Но Чуковский не принимает шутки.
— Оставьте, — говорит он, — я с вами серьезно разговариваю.
Он сворачивает в переулок, ловко пробирается по каким-то немыслимым сугробам, великолепно жонглирует палкой. Высокая его фигура врезается в снег, как ледокол. Я сразу отстаю. Он оглядывается:
— Ну, чего вы плететесь? Живее!
— Понимаете, Корней Иванович, у меня привычный вывих ноги. Последствия волейбола…
Чуковский иронически смотрит на меня.
— Волейбол? А я, как говорят в Одессе, держал вас за футболиста. — Он спускается ко мне. — Возьмите палку!
Я пугаюсь:
— Что вы, Корней Иванович!
— Без разговору! Берите, говорю вам!
— Я не возьму. Вдруг вы упадете…
— У меня нет привычных вывихов, — с великолепным презрением говорит Чуковский. И, насильно сунув мне палку, так же свободно шествует по сугробам.
Я тащусь за ним, умоляя:
— Возьмите палку, возьмите…
— Догоните — возьму, — не оборачиваясь бросает Корней Иванович.
Но где там! Видно, что этот путь он знает наизусть. И первым выходит к насыпи.
— Скорее, — кричит он мне, — поезд идет!
Я скатываюсь к нему, но он разочарованно машет рукой.
— Электричка. Не годится.
— Почему?
— Такой порядок.
Я ничего не понимаю, но молчу. Вдали показывается дымок. Чуковский оживляется.
— Задумайте желание! — командует он. — Задумали?
— Задумал.
— Считайте! — азартно кричит он.
Невольно увлеченный этой игрой, я считаю вагоны и радостно кричу:
— Четырнадцать!
— Ну вот и хорошо! — спокойно говорит Корней Иванович. — Это гаданье верное.
Как ни странно, от этой маленькой удачи настроение у меня поднимается. Я отдаю Корнею Ивановичу палку, и мы «на равных» шагаем обратно. При каждом моем удачном прыжке Корней Иванович с преувеличенным ужасом восклицает:
— Осторожно! У вас же вывих!
Потом он замолкает. Поглядывает на меня искоса. И наконец говорит:
— Я понимаю, что это неприлично, но мне ужасно хочется знать: что вы загадали? Можете не отвечать, я не обижусь.
— Я жду письма… — говорю я после паузы.
— Ручаюсь, что вы получите это письмо! Почта уже была. Можно я пойду с вами?
— Конечно, Корней Иванович. Только вы мне скажите: почему электричка не годится?
— Потому, что у нее нет паровоза.
— Ничего не понимаю.
— Получите письмо — объясню.
Мы доходим до Дома творчества. Письма мне нет.

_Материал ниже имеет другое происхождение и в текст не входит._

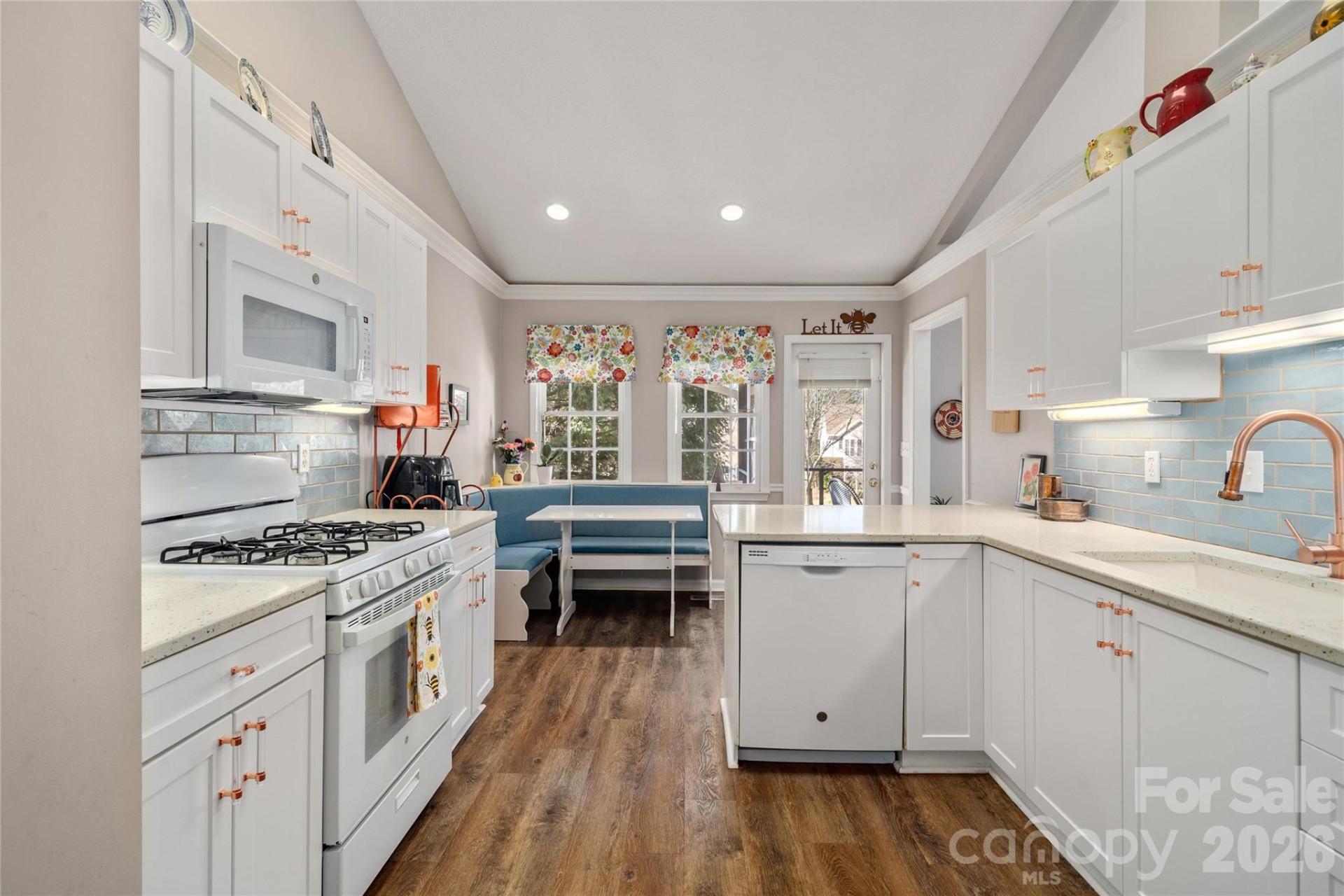 1107 Citation Circle - Photo 14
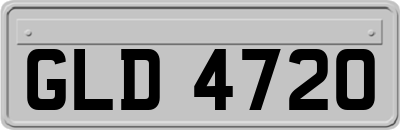 GLD4720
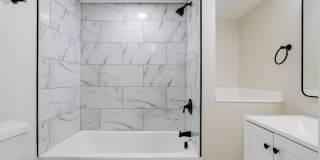 Remodeled 3-Bedroom Home with Finished Basement & Modern Upgrades Gallery 23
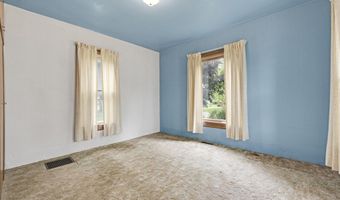 1202 S Van Buren St, Auburn, IN 46706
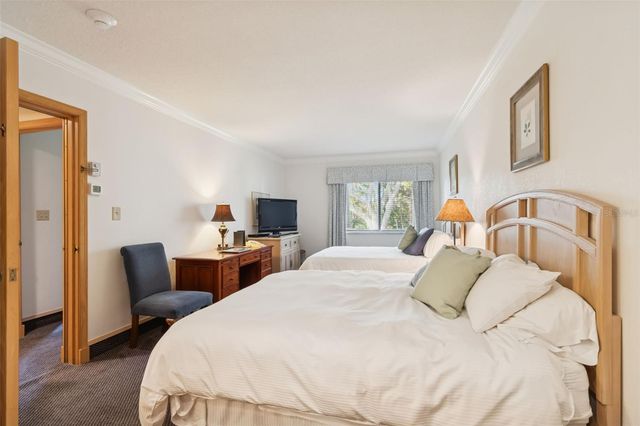 36750 US HIGHWAY 19 N 17208, Palm Harbor, FL 34684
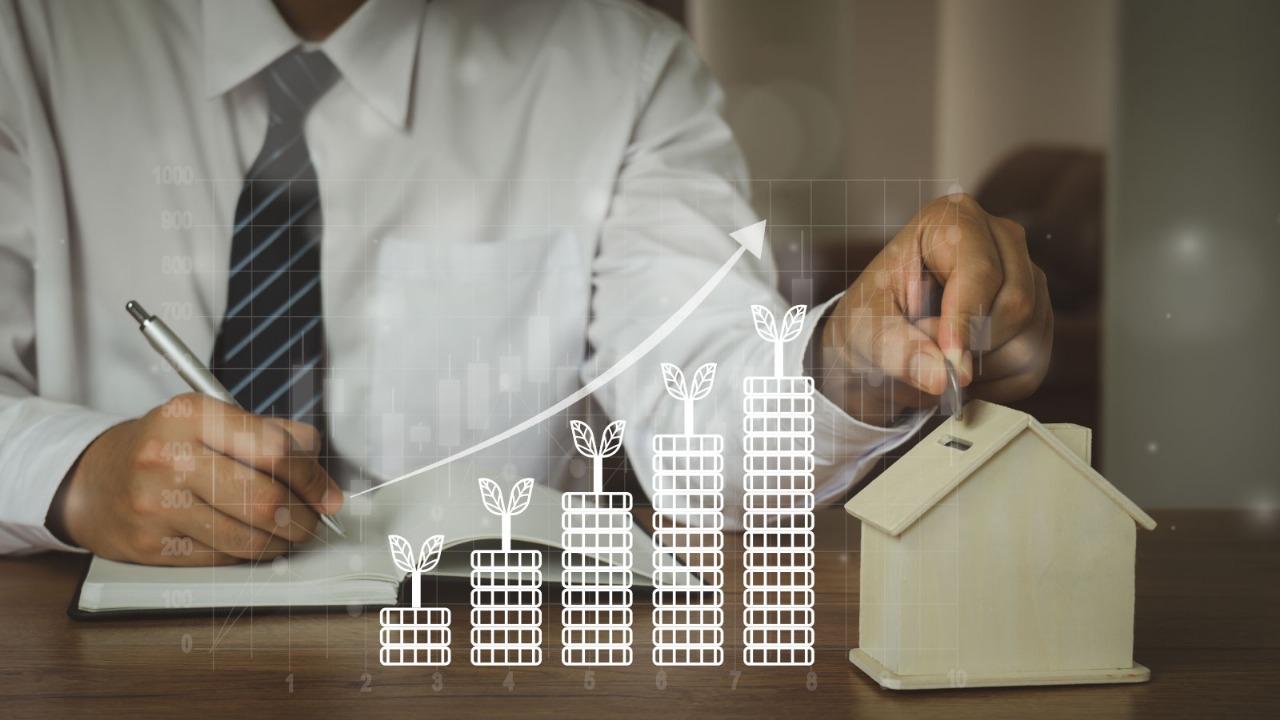 Spiritual Living Homes in India: Top 2026 Investment Trend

— Ничего, — утешает меня Чуковский, — завтра придет.
На другой день я действительно получаю письмо.
— Вот видите! — торжествующе заявляет Корней Иванович. — Дело верное!
— Вижу. Но при чем тут паровоз?
— Паровоз очень важен. Если число вагонов нечетное, то я прибавляю к ним паровоз. Я же вам говорил, что такое гаданье верное дело! В моем возрасте, знаете ли, рисковать не хочется… Уж гадать, так наверняка.
И. Петрова
ОЧАРОВАННАЯ ДУША
«В литературе настоящее от мнимого отличается тем же, чем настоящие цветы от искусственных: только особым, неповторимым запахом». В предельно простых словах Жюля Ренара заключена, на мой взгляд, умная и глубокая правда. Есть люди, как есть и книги, в которых это «особое, неповторимое» скрыто, затаено, и нужны пристальный взгляд и терпение, чтобы дойти до сути, понять эту «особость». Но иногда она выступает резко, победительно, подчиняет себе сразу — и навсегда. Так сразу «брал» человека в свой обаятельный плен и Корней Иванович Чуковский.